WHAT YOU WILL DO
Transcribe each line of the material as it is, and drop any picture.

GIVEN INFORMATION

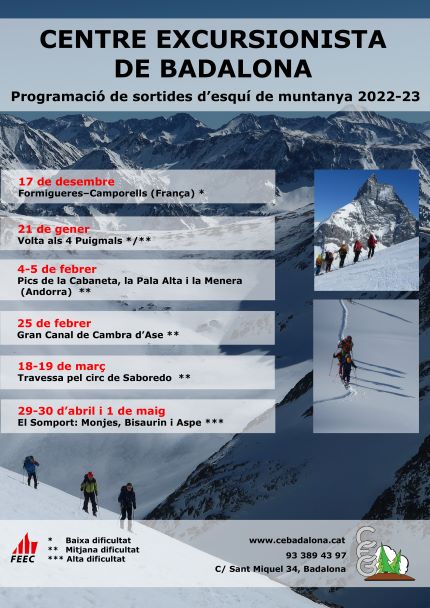 Programació sortides esquí de muntanya 2022-2023 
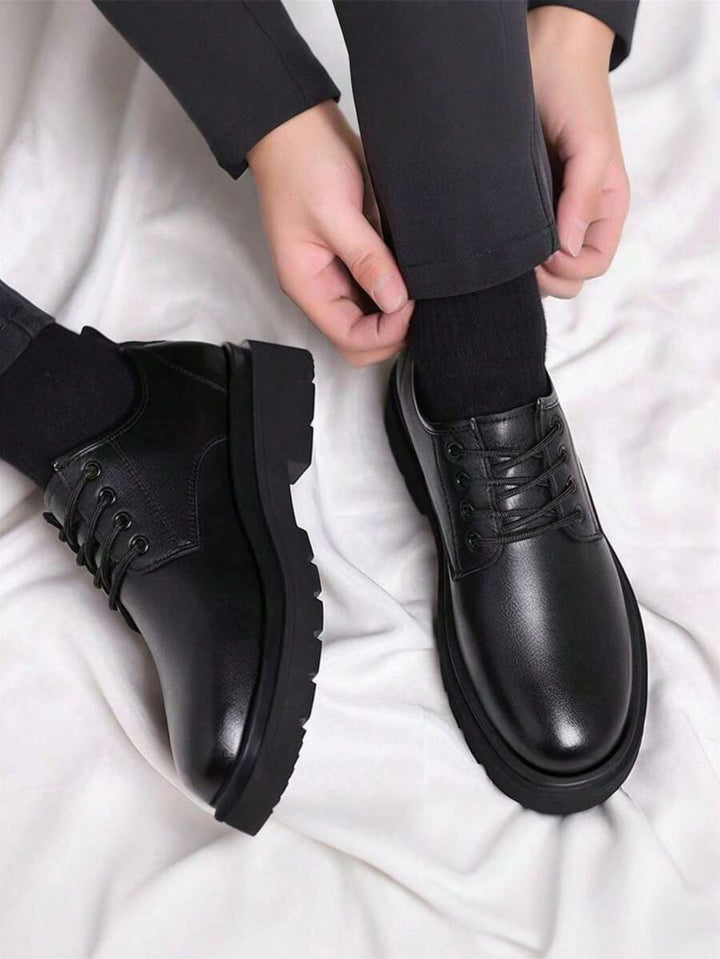 Derbies en Cuir Noir | Tige Basse & Semelle Épaisse 2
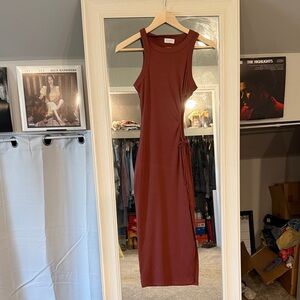 Sleeveless Ribbed Midi Dress in Deep Burgundy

ANSWER FOR THE TASK
 Programació sortides esquí de muntanya 2022-2023 
 Derbies en Cuir Noir | Tige Basse & Semelle Épaisse 2
 Sleeveless Ribbed Midi Dress in Deep Burgundy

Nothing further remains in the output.